:: WHAT IS EXPECTED ::
Once the line holding "Photo process of dyeing hair at beauty salon" is found in the listing below, write it out and each later line exactly, up to and including the one holding "Cream wafer cookies".

:: MATERIAL FOR THE TASK ::
- Opening Delimiter -

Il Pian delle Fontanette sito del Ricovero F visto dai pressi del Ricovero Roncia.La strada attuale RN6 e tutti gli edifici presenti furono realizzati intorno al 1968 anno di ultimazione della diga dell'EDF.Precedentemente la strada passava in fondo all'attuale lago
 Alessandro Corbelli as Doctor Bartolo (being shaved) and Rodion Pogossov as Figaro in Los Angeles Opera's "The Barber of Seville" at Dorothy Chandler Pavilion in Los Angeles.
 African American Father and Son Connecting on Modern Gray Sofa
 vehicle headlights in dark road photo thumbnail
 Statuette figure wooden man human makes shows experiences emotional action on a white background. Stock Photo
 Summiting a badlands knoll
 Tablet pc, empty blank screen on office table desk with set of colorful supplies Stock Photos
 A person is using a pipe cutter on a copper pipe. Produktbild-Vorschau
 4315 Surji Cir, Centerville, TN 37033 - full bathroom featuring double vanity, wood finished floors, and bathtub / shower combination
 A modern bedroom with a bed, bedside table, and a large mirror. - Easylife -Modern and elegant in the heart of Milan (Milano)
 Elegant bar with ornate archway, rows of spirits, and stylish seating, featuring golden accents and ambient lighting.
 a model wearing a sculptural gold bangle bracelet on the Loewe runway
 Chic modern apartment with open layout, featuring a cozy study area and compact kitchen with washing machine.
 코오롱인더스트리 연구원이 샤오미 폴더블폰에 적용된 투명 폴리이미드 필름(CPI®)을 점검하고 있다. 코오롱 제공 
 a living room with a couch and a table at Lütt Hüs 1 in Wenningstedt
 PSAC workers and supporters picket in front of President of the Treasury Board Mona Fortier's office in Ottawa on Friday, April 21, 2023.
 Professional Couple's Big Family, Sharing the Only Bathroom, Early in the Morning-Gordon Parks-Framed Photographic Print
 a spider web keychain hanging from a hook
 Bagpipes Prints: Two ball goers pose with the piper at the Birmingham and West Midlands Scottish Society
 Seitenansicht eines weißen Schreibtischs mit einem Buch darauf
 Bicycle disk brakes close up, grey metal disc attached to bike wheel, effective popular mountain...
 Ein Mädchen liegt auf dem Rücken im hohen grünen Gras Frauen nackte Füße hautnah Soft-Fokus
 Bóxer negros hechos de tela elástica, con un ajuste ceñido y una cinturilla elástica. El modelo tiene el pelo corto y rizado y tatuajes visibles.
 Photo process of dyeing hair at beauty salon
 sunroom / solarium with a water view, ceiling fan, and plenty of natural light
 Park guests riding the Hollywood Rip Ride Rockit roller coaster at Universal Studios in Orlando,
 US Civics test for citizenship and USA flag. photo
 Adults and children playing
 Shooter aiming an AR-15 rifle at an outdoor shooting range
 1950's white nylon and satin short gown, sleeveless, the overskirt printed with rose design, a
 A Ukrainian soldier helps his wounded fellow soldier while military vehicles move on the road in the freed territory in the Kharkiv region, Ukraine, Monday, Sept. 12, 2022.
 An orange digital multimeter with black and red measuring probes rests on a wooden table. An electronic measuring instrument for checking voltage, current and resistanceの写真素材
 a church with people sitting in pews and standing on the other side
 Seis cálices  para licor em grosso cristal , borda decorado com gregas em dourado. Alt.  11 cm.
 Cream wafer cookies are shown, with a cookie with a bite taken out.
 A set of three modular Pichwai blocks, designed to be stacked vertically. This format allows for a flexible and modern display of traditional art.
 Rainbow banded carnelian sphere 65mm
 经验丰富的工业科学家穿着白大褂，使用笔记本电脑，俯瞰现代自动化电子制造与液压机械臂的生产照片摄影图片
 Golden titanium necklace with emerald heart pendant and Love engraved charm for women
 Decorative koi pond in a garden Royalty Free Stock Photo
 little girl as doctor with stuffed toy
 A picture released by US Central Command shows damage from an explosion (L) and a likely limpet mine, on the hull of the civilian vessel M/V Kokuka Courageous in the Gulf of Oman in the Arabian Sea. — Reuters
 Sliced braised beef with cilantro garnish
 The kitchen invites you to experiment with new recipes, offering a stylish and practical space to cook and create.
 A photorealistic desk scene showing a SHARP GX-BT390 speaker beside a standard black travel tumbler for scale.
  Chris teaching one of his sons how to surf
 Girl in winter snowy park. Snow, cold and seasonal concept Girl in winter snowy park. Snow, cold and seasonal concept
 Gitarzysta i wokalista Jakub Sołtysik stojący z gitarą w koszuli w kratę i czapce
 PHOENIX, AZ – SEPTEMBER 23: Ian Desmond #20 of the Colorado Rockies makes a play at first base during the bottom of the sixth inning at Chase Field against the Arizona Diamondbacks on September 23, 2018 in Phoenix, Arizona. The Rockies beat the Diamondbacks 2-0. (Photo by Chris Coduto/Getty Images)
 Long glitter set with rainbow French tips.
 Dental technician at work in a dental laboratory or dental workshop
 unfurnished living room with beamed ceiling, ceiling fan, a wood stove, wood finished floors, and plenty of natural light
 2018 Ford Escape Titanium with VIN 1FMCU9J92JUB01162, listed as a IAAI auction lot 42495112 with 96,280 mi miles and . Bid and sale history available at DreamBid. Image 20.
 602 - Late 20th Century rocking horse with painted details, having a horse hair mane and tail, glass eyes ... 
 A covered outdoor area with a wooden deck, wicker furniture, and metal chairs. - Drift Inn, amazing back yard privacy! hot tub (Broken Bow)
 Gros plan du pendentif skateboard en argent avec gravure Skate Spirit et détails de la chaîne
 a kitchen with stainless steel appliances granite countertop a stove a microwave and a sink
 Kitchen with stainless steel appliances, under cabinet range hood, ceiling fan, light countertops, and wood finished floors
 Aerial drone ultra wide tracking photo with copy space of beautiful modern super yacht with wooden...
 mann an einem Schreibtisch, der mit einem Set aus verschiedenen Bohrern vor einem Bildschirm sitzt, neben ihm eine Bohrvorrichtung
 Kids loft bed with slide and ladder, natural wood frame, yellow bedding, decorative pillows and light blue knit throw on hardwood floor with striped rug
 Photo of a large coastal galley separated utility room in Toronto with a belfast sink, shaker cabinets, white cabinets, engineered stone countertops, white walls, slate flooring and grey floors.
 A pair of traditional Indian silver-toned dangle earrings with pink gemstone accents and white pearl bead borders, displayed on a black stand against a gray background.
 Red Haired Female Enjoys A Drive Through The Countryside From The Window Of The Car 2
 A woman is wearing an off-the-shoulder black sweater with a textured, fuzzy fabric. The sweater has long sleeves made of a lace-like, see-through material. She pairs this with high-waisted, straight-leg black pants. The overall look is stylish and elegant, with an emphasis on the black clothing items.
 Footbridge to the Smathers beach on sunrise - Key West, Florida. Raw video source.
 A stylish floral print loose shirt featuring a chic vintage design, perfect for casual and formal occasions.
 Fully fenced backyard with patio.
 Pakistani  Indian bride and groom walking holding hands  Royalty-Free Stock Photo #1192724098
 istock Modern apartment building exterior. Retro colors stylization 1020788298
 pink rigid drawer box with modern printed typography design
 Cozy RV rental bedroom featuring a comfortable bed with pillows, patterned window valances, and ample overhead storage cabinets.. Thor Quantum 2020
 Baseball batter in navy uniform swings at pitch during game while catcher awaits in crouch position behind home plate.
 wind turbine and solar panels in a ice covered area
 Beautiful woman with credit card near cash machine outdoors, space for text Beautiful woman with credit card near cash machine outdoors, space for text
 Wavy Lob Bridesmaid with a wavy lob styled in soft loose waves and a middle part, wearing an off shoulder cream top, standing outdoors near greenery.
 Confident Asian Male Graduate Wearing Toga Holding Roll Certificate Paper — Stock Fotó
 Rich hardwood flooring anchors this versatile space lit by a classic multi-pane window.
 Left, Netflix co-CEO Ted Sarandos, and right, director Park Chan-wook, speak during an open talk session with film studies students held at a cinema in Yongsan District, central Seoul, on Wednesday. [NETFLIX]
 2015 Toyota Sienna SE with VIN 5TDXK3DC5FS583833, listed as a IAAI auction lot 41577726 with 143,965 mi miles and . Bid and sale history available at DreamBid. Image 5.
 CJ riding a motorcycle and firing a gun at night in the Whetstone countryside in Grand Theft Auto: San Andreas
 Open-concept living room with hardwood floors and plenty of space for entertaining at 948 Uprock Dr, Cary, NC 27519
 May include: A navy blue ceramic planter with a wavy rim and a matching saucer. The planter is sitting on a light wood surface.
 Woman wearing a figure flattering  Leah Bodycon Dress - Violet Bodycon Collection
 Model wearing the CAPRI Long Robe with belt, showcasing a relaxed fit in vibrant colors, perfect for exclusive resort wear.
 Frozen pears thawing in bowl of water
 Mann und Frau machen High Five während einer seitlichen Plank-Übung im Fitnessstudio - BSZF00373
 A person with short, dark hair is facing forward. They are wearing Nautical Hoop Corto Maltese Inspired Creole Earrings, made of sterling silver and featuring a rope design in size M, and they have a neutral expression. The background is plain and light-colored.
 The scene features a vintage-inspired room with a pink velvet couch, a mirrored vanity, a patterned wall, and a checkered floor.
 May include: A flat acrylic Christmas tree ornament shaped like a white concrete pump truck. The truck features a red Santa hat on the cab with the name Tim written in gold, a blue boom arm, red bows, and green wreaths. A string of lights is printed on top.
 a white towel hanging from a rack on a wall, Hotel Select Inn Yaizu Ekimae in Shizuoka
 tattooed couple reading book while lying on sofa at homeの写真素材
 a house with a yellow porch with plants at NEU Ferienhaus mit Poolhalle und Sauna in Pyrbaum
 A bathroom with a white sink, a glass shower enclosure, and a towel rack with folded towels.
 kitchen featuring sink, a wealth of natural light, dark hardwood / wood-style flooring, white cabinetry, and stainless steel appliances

- Closing Delimiter -

:: ANSWER FOR THE TASK ::
 Photo process of dyeing hair at beauty salon
 sunroom / solarium with a water view, ceiling fan, and plenty of natural light
 Park guests riding the Hollywood Rip Ride Rockit roller coaster at Universal Studios in Orlando,
 US Civics test for citizenship and USA flag. photo
 Adults and children playing
 Shooter aiming an AR-15 rifle at an outdoor shooting range
 1950's white nylon and satin short gown, sleeveless, the overskirt printed with rose design, a
 A Ukrainian soldier helps his wounded fellow soldier while military vehicles move on the road in the freed territory in the Kharkiv region, Ukraine, Monday, Sept. 12, 2022.
 An orange digital multimeter with black and red measuring probes rests on a wooden table. An electronic measuring instrument for checking voltage, current and resistanceの写真素材
 a church with people sitting in pews and standing on the other side
 Seis cálices  para licor em grosso cristal , borda decorado com gregas em dourado. Alt.  11 cm.
 Cream wafer cookies are shown, with a cookie with a bite taken out.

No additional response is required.